Fernando sighed. Carloman was a loyal son of the Church, and a mighty warrior. But his fury blinded him to wider realities, and to what sometimes needed to be done.

"Yes brother Carloman, it _is _an insult," he said, trying not to sound like he was about to lose his temper. "It is a calculated insult, by a king who seems bent on picking a fight with the Church. If we leapt at every such insult, we would sooner or later leap over a cliff. What matters now is what will happen next."
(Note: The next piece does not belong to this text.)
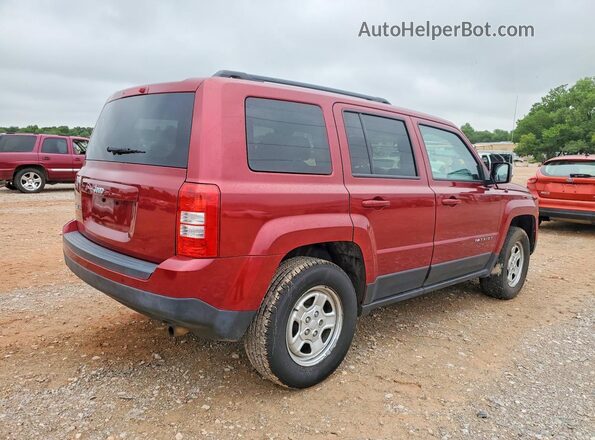 1C4NJRBB9HD138775 2017 JEEP PATRIOT Бордовый Задняя правая четверть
"His Holiness will almost certainly take the Magravandines to task," Charlotte spoke up. "This failure has made the Inquisition look incompetent!" Fernando nodded approvingly. Charlotte's zeal could sometimes get the better of her, but she could generally see the big picture.

"You may be right, sister. His holiness has great respect for the Magravandine order, and rightly so, but the Inquisition needs new leadership at this time. This debacle may finally convince his holiness to let the Scarlet Tower take the lead."

"And then we will be able to prepare Halkeginia," Charlotte replied, her voice full of trepidation. "Prepare them for the crusade."

"But what of Joseph?" Carloman growled, cocking a thin eyebrow. "He'll oppose us, and…we cannot face him alone."

"Fear not, my son. Joseph will be dealt with." The great bell chimed, its notes low and dull through the stone of the walls.

"The night is upon us," Fernando said. "You should attend to Tybalt before compline prayers." He saw the look in their eyes, and was pleased. Their compassion for their comrade was a worthy sentiment, as was their reverence for his holy suffering. It was good for them to be reminded of the sin of pride, and its price.

He waited until they had left the chamber, and the door was locked, before picking up the letter once again. He focussed his attention on the second half of the message, the part he hadn't told them about.

No, his eyes had not deceived him.

"_But why?_" he thought, his tired mind racing as the letter fell from his hands. "_Why did they come here? What is happening in Arysia?_"

It was time to pray. Perhaps the Founder could show him the way.

He had always done so before.

* * *

_**The Magic Academy, Kingdom of Tristain, **__**19**__**th**__** day of Feoh.**_

Dawn was breaking.

As Suleiman halted at the edge of the forest, he could see the first daylight rising on the distant horizon, the black of night turning to green, and grey, and brown as the yellow light spilled over it.

He smiled. He was in time. The same sun that rose before, far in the east, was also rising over his homeland of Arysia. So it had always done, so it always would do.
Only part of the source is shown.